#### [Problem statement]
Take the line that has "升級版單網(wǎng)透氣學(xué)步鞋克萊因藍 15 內(nèi)11.5cm" and all the lines that come after it in the records, and write them out again exactly. Add no other line.

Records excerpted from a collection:
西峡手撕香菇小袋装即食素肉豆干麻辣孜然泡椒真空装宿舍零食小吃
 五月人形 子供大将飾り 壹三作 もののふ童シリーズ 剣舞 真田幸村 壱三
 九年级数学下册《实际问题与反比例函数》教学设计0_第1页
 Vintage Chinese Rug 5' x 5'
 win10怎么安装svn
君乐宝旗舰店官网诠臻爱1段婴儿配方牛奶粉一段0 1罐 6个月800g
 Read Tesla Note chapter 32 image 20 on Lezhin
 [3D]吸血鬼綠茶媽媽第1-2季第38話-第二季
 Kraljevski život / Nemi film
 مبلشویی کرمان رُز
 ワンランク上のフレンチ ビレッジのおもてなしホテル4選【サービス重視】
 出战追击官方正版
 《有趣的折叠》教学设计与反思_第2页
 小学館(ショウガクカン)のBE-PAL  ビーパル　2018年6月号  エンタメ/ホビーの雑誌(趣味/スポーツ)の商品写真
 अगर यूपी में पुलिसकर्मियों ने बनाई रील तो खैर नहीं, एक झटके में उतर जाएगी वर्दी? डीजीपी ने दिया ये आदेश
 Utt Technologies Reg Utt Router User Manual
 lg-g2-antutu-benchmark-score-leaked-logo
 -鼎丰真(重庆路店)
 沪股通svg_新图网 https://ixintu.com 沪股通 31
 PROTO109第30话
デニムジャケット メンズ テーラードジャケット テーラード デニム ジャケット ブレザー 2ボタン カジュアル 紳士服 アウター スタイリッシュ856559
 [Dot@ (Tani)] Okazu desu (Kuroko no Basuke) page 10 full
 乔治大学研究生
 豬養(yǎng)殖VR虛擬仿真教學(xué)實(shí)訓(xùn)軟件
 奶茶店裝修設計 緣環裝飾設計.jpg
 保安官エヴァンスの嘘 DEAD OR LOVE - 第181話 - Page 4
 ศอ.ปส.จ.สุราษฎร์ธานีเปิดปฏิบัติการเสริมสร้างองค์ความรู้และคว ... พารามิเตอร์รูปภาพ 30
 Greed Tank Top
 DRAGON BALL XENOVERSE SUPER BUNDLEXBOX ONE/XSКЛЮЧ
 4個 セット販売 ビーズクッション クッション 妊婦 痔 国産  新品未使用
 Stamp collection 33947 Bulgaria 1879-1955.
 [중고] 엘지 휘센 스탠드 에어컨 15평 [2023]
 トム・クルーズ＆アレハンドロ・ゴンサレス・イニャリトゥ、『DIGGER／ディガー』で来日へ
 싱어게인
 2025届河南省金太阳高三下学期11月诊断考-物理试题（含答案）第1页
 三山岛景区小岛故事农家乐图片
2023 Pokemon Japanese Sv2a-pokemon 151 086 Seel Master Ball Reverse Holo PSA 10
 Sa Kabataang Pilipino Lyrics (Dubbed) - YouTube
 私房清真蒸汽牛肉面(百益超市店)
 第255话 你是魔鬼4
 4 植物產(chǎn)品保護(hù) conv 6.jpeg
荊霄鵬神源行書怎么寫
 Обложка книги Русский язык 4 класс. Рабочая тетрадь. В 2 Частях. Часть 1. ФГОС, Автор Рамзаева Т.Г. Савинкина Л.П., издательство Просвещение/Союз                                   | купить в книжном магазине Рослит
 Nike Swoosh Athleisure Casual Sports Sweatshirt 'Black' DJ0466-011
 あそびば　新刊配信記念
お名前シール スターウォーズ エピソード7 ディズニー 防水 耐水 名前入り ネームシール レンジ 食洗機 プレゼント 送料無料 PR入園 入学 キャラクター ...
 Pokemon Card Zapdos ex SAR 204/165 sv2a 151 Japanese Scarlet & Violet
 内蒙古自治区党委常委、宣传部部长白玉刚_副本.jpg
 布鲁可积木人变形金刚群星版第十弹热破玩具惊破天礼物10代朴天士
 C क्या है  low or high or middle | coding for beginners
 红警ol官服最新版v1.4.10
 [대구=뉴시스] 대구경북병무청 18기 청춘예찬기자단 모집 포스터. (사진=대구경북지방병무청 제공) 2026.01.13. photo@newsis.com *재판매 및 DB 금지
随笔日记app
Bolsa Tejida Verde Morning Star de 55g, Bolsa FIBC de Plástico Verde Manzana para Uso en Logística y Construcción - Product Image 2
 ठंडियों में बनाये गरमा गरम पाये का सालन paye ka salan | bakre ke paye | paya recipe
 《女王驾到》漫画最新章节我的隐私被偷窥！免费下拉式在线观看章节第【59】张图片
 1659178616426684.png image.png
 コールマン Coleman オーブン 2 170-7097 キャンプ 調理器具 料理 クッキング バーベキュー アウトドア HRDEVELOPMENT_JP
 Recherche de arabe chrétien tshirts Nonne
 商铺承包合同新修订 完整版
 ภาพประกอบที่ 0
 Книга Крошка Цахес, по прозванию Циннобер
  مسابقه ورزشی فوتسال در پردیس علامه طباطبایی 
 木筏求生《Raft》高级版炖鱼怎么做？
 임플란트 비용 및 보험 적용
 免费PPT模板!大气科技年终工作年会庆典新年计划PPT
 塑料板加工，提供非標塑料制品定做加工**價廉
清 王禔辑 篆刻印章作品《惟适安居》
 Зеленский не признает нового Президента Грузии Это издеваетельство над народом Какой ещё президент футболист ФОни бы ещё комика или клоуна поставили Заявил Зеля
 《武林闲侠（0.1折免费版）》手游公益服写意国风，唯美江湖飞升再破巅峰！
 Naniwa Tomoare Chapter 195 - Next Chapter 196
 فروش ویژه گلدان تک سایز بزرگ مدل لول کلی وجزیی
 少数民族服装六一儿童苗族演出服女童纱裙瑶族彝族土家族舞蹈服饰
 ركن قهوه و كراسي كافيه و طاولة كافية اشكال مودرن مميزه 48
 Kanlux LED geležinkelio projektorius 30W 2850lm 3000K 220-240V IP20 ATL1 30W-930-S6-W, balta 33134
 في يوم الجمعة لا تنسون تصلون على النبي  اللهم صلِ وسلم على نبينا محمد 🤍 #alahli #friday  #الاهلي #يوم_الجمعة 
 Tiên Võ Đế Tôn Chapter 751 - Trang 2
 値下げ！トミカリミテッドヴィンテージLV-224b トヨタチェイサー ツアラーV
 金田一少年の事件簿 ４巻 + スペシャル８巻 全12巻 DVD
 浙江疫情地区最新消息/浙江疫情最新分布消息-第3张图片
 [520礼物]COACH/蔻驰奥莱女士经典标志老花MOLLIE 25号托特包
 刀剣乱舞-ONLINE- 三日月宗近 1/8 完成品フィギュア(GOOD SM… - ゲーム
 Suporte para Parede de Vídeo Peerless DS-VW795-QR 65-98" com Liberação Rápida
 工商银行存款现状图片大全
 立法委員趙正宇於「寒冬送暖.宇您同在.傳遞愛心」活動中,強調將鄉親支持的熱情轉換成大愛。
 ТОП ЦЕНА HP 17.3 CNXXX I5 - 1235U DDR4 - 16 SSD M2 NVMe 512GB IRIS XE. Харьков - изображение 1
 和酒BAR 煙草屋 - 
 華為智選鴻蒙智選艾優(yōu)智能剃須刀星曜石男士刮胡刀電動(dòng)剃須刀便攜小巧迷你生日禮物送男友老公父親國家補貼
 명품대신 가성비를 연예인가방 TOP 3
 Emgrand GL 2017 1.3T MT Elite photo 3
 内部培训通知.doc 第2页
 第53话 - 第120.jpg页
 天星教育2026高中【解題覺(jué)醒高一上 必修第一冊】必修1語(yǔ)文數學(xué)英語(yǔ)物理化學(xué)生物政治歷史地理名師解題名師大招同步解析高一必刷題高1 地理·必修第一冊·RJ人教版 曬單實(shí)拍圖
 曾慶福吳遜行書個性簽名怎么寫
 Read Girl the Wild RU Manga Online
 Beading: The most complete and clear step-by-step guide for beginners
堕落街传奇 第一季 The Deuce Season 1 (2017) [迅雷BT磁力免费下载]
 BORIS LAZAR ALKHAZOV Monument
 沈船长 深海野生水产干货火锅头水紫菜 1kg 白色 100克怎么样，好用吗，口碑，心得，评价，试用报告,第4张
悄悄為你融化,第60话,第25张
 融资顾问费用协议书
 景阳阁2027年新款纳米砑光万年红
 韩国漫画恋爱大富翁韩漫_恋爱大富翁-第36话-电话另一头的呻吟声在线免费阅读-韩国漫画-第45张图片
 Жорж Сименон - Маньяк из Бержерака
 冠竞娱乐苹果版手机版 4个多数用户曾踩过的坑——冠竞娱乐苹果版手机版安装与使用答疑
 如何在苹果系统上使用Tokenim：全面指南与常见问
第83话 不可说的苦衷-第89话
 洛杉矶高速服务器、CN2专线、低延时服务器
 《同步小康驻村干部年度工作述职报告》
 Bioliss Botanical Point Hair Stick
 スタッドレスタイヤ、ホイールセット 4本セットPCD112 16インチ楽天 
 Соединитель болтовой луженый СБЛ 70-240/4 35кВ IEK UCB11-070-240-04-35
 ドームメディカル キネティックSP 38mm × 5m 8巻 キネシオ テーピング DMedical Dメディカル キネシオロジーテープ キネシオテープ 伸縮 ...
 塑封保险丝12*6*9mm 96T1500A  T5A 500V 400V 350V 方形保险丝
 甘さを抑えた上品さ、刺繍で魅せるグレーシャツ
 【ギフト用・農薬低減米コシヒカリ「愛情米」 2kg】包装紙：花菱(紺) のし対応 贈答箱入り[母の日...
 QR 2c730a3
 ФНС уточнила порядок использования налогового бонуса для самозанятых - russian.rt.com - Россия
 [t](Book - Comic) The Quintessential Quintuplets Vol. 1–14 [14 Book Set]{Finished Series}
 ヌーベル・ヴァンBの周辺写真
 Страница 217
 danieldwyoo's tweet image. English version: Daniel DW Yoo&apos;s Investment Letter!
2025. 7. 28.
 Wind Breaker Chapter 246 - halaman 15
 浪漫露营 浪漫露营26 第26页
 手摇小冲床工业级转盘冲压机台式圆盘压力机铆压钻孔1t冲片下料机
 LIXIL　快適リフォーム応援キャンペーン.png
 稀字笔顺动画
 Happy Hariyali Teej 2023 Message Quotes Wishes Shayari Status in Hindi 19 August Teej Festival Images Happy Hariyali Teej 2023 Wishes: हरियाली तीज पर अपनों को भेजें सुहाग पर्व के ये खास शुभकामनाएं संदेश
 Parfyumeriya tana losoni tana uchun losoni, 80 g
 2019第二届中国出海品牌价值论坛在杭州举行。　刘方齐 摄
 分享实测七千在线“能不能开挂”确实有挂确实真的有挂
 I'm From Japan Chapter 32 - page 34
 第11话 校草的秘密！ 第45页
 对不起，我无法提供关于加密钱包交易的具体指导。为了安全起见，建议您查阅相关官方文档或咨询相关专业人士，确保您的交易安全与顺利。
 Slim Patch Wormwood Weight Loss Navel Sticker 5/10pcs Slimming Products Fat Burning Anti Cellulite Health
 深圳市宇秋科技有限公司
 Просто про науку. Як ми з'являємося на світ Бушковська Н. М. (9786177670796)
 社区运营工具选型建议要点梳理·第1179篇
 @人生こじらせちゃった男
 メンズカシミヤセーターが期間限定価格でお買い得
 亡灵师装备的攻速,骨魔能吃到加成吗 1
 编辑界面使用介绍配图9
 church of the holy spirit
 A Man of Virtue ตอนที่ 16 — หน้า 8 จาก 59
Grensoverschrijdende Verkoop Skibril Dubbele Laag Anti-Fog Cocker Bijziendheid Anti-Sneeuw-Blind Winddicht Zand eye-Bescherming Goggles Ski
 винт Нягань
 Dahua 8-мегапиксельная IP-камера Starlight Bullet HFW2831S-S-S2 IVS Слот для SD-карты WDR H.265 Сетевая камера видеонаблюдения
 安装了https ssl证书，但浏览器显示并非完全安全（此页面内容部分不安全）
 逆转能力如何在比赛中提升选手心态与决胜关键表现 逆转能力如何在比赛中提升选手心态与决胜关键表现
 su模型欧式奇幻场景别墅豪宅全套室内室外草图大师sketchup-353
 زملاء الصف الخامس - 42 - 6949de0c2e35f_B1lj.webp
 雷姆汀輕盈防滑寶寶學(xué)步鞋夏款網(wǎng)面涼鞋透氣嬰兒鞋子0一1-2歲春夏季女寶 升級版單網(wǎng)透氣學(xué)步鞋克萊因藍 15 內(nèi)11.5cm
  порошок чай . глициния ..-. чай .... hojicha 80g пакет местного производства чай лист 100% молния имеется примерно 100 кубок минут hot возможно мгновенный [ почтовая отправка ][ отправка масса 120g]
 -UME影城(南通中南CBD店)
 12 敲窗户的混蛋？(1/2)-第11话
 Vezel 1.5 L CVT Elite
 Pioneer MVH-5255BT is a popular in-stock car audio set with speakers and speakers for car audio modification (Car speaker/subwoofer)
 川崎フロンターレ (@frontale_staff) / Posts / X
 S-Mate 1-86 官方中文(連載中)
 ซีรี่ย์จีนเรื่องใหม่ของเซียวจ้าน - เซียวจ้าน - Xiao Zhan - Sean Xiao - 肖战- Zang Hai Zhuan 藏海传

#### [Solution below]
 雷姆汀輕盈防滑寶寶學(xué)步鞋夏款網(wǎng)面涼鞋透氣嬰兒鞋子0一1-2歲春夏季女寶 升級版單網(wǎng)透氣學(xué)步鞋克萊因藍 15 內(nèi)11.5cm
  порошок чай . глициния ..-. чай .... hojicha 80g пакет местного производства чай лист 100% молния имеется примерно 100 кубок минут hot возможно мгновенный [ почтовая отправка ][ отправка масса 120g]
 -UME影城(南通中南CBD店)
 12 敲窗户的混蛋？(1/2)-第11话
 Vezel 1.5 L CVT Elite
 Pioneer MVH-5255BT is a popular in-stock car audio set with speakers and speakers for car audio modification (Car speaker/subwoofer)
 川崎フロンターレ (@frontale_staff) / Posts / X
 S-Mate 1-86 官方中文(連載中)
 ซีรี่ย์จีนเรื่องใหม่ของเซียวจ้าน - เซียวจ้าน - Xiao Zhan - Sean Xiao - 肖战- Zang Hai Zhuan 藏海传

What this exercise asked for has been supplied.